Le blasphème est un sujet extrêmement sensible dans ce pays très conservateur où l'islam est religion d'Etat. La loi prévoit jusqu'à la peine de mort pour les personnes reconnues coupables d'offense à l'islam.

Des appels à changer cette législation ont souvent donné lieu à des violences et ont été rejetés. Le nouveau Premier ministre pakistanais Imran Khan, durant la dernière campagne électorale, avait déclaré soutenir inconditionnellement la loi.

- "Pas rester au Pakistan" -

Un ancien gouverneur du Pendjab, Salman Taseer, qui avait pris la défense d'Asia Bibi, avait été abattu en plein coeur d'Islamabad en 2011 par son propre garde du corps.

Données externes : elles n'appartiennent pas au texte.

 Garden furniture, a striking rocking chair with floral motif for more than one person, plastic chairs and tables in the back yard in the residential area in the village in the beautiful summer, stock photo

L'assassin, Mumtaz Qadri, a été pendu début 2016.

Les défenseurs des droits de l'homme voient en Asia Bibi un emblème des dérives de la loi réprimant le blasphème au Pakistan, souvent instrumentalisée, selon ses détracteurs, pour régler des conflits personnels.

On ignorait dans l'immédiat ce qu'il adviendrait de Mme Bibi après sa sortie de prison.

"Asia ne peut pas rester (au Pakistan) avec la loi" sur le blasphème, avait estimé son mari Ashiq Masih, accueilli à Londres par l'ONG catholique Aide à l'Église en détresse (AED) et interrogé le 13 octobre par l'AFP.

"Pour nous, la vie au Pakistan est très difficile, nous ne sortons pas de chez nous, nous sommes très prudents", avait souligné sa fille Esham.

"Je serai très heureuse le jour où ma mère sera libérée, je la prendrai dans mes bras, je pleurerai de la retrouver", avait-elle ajouté.